Noël dans la rue ?
260 cortèges et 1,8 million de manifestants contre la réforme des retraites le 17 décembre : le rejet est massif et le mouvement n’est pas prêt de s’essouffler. Pour vous, voici un reportage de la manifestation parisienne du 17 décembre 2019.
« Sous le sapin, la grève »
Ils se disent prêts à passer Noël dans la rue. « Sous le sapin, la grève », confirme une banderole. Ce mardi 17 décembre, la mobilisation ne faiblit pas. Au contraire, elle se renforce et constitue d’ores et déjà l’une des manifestations les plus fournies de ces dix dernières années.
À l’intersyndicale* soudée depuis le 5 décembre contre le projet de l’exécutif se sont ajoutées la CFDT et la CFTC. Pour leur part, elles ne sont pas hostiles à la retraite par points, mais font de l’âge d’équilibre à 64 ans un casus belli. Du coup, ça fait du monde dans la rue ce jour-là !

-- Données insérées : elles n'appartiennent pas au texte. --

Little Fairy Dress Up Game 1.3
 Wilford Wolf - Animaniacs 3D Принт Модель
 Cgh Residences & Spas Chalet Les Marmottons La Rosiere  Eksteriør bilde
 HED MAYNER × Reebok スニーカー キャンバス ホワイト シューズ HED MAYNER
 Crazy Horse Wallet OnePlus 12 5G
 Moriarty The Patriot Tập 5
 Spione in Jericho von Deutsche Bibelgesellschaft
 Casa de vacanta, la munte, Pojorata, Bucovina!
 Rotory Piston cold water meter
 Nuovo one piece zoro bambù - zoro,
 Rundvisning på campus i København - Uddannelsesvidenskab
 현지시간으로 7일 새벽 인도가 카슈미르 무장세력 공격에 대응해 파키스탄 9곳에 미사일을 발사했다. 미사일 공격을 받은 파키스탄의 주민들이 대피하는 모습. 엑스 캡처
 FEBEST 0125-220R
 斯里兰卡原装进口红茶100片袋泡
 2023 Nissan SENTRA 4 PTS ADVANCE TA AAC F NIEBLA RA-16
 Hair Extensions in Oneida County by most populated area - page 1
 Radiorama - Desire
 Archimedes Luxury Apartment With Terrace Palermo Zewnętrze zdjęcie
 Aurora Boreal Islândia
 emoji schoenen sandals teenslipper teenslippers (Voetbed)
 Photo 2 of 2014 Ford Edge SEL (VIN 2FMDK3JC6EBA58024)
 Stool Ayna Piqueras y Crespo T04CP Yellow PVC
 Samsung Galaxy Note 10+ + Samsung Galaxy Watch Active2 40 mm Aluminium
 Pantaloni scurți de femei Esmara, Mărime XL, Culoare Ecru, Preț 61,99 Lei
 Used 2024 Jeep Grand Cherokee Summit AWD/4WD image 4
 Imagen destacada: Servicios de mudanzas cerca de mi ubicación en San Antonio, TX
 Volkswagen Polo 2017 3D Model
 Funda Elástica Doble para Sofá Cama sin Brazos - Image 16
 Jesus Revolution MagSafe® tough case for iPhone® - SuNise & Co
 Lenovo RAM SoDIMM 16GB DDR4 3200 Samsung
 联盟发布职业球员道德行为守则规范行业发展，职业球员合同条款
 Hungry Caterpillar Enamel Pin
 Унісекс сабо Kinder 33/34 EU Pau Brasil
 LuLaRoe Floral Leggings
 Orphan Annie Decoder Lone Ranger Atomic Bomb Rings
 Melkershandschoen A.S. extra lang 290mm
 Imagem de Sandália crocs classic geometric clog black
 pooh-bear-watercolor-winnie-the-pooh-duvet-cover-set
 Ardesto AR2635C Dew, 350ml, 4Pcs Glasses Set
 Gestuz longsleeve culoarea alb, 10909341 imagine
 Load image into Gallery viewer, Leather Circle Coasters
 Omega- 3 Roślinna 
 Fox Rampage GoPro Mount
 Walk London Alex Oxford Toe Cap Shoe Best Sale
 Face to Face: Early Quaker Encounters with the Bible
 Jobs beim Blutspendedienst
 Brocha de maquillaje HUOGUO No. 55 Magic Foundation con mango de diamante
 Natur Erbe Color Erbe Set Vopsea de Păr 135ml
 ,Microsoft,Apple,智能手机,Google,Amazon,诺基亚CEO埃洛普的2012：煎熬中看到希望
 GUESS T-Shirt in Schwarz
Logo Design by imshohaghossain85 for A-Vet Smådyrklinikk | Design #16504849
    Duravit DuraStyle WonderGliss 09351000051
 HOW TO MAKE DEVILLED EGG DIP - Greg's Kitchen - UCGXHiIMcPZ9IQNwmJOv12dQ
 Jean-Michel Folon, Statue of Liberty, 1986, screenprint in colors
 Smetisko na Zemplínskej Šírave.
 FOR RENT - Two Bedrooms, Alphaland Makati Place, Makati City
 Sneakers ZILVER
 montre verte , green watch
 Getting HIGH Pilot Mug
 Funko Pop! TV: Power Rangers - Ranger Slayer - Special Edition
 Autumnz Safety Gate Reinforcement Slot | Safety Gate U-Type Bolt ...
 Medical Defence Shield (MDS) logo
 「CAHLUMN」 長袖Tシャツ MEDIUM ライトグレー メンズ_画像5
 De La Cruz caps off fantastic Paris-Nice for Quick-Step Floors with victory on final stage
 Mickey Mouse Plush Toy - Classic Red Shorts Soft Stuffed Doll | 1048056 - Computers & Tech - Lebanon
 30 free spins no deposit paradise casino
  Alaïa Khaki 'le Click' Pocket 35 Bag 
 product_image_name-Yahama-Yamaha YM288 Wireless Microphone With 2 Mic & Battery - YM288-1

Cheminots, agents RATP, fonctionnaires, enseignants, avocats et magistrats, personnels soignants, mais aussi lycéens et étudiants, artistes, intermittents du spectacle, salarié.e.s du privé… La liste des professions engagées dans ce bras-de-fer est longue. Bien avant le départ du cortège, place de la République, l’ambiance est à la fête. On joue au chamboule-tout sur des boîtes de conserve à l’effigie des membres du gouvernement. Musiciens et sonos des camions des syndicats rivalisent. ça sent la grillade et l’air est doux. Un jeune homme brandit l’une des pancartes de la CGT, « Sauve ta retraite, mange un banquier », au côté d’une femme qui se réjouit de l’ambiance : « C’est vraiment l’atmosphère des grandes manifs bon enfant telles qu’on les vivait avant que le tandem Macron-Castaner ne fasse tout pour nous empêcher de défiler contre son entreprise de destruction massive des droits sociaux. »
L'humour en manifestation
Il est vrai que les manifestants sont joyeux et ont le slogan plein d’humour. Une jeune femme habillée en mariée porte une pancarte autour du cou : « Urgent, né.e avant 1975 ? Épouse-moi ! Libre de suite ». A deux pas, du côté obscur de la force, Dark Vador constate : « Votre manque de foi en la retraite à points me consterne ».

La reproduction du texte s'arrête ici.